:: AIM OF THE TASK ::
Practice item. Set the material below down again exactly, with no pictures.

++++ GIVEN RECORDS ++++

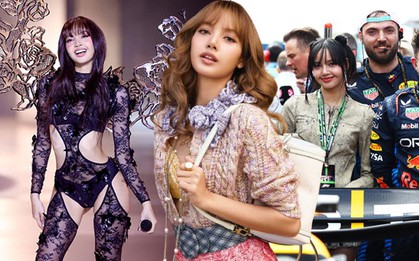 Cứ hễ là Lisa (BLACKPINK) thì chắc chắn sẽ bị mắng chửi!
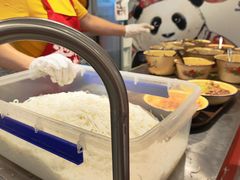 -池嬢拌粉(上海首店)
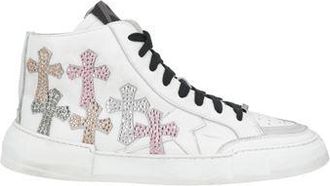 John Richmond FOOTWEAR - Trainers on YOOX.COM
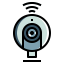 Webcam 图标 64x64
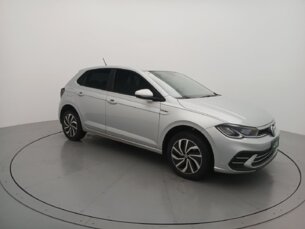 Foto 7 - Volkswagen Polo Polo 1.0 170 TSI Highline (Aut) automático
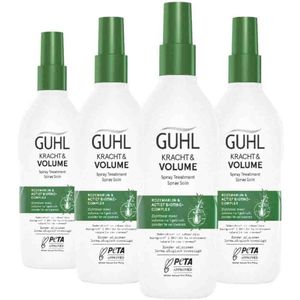Guhl - Kracht & Volume Spray Treatment - 150 ml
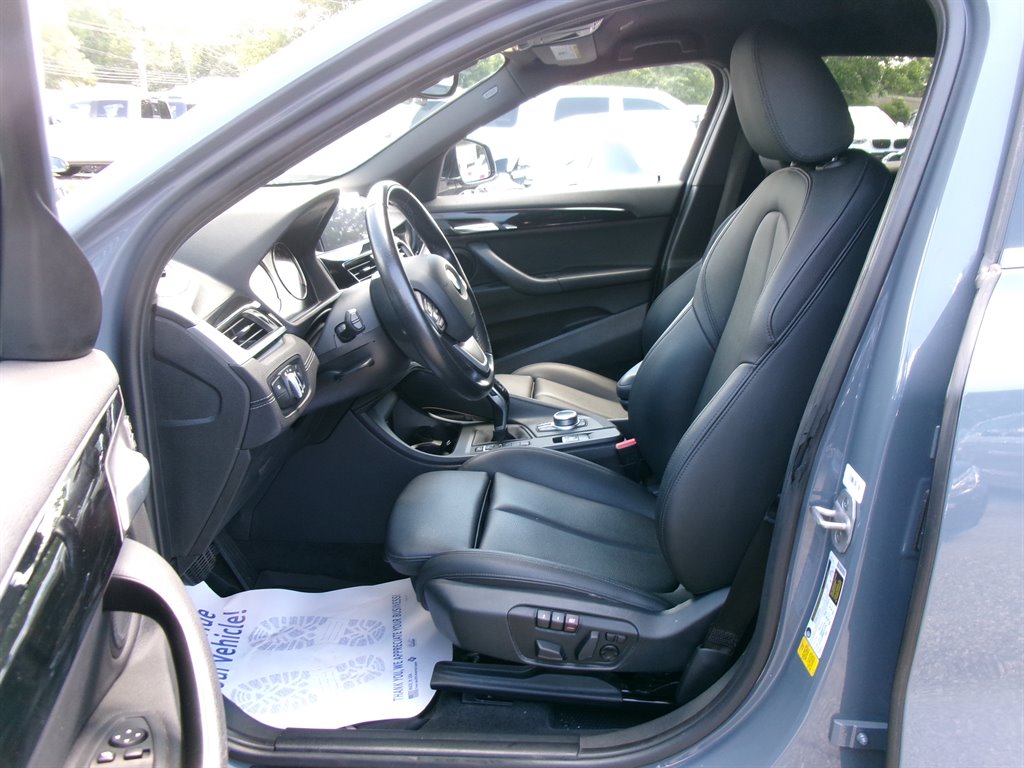 2021 BMW X2 - $22,995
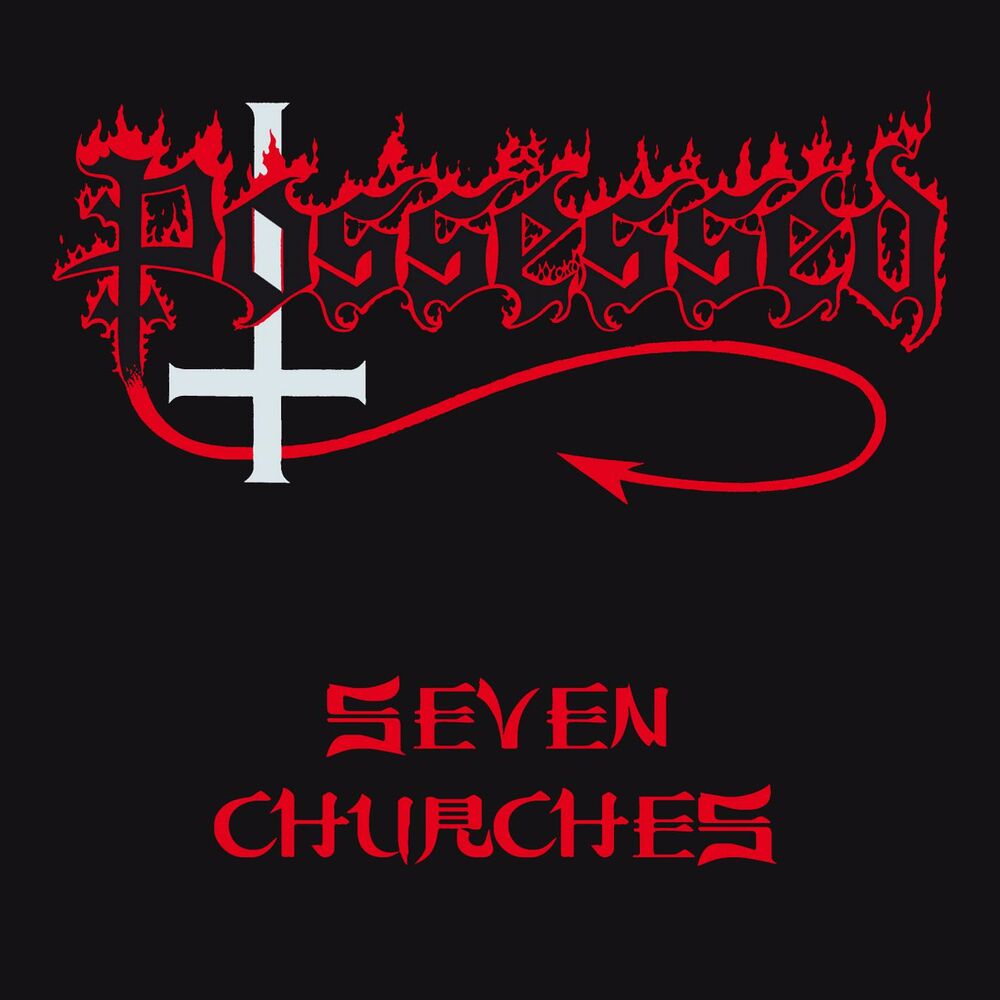 Picture of Seven Churches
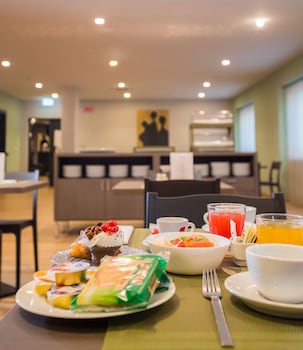 hotel europa art caserta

++++

:: ANSWER ::
 Cứ hễ là Lisa (BLACKPINK) thì chắc chắn sẽ bị mắng chửi!
 -池嬢拌粉(上海首店)
 John Richmond FOOTWEAR - Trainers on YOOX.COM
 Webcam 图标 64x64
 Foto 7 - Volkswagen Polo Polo 1.0 170 TSI Highline (Aut) automático
Guhl - Kracht & Volume Spray Treatment - 150 ml
 2021 BMW X2 - $22,995
 Picture of Seven Churches
 hotel europa art caserta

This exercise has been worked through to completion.